Roger Bishop Jones rbj at rbjones.com
Thu Nov 5 11:31:09 EST 2009

On Tuesday 03 November 2009 09:30:25 Danny Frederick wrote:

> A distinction between language and metalanguage must be made in order to
> avoid semantic paradoxes. This is a theory of linguistic types. Further
> theories of linguistic types are also assumed.

I can understand your believing this if your information on this matter comes 
primarily from the papers which Tarski wrote in the 1930s, but it is not 

I believe Tarski proved one definite and very specific result, by formalising 
the liar paradox in first order arithmetic, viz. that arithmetic truth is not 
arithmetically definable.

From this he concluded, without proof, some general and vague principles
along the following lines:

	a) that the semantics of a language L can only be defined in some other
	    language which is strictly more expressive (in some sense) than L

	b) that the relevant kind of expressiveness is that obtained by
            the availabilty of objects of higher type.

Something can be made of the first intuition, but only by making it more 
precise and less general than it appears to be.
I think it doubtful that the second can be cashed in.

The logical system of preference for defining semantics is first order set 
theory.  This is semantically more expressive than any type theory (subject to 
some caveats on what one takes its semantics to be).
However, to define the semantics of a pure first order language, and to 
demonstrate the soundness of the usual deductive system relative to that 
semantics, is particularly simple and can readily be accomplished in PA or 
even weaker systems.
In this is should be noted that PA is, in an appropriate sense relevant to 
intuition (a), much more expressive and proof theoretically stronger than a 
pure first order logic (but does not involve objects of higher type).

I might add here that my allegation is about what logical systems suffice for a 
formal proof of the soundness of first order logic.
Of course, underpinning such a proof there may be all sorts of philosophical 
presumptions, which may be of relevance is assessing the significance of such a 
proof.

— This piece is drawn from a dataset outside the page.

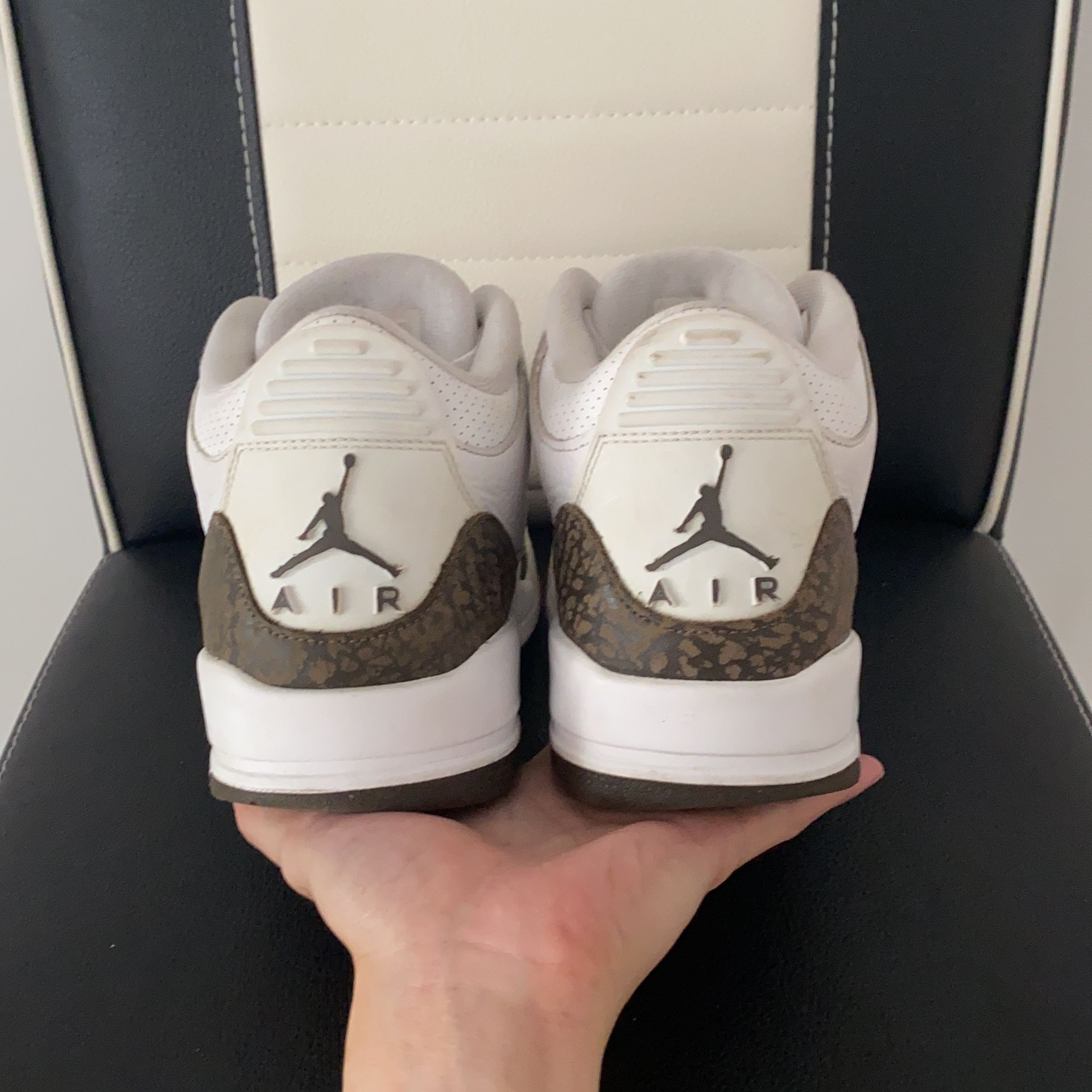 Air Jordan 3 Retro 'Mocha' 2018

Of these I say nothing.  I allege only that there exists a valid proof 
in PA, the proof itself making use of no further "assumptions" beyond the 
accepted axioms of PA.

> For example, the following
> is a logical truth (in PL + identity):
> Ex(x = a).
> This amounts to the claim that every name designates. It is not possible to
> say (truly) in first-order logic that Santa Claus does not exist.

We are back on the "vacuous names" tack here which gave much entertainment to 
Speranza a while back.

There a multiple strategies which enable the expression in first order logic of 
the claim that Santa Claus does not exist, the most famous of course is 
Russell's doctrine that "Santa Claus" should be construed as a description and 
formalised by the method described in his paper "On Denoting".

There is a difficulty in knowing what kind of first order formalisation is 
satisfactory, since we have no generally accepted criteria for when sentences 
in distinct languages express the same proposition.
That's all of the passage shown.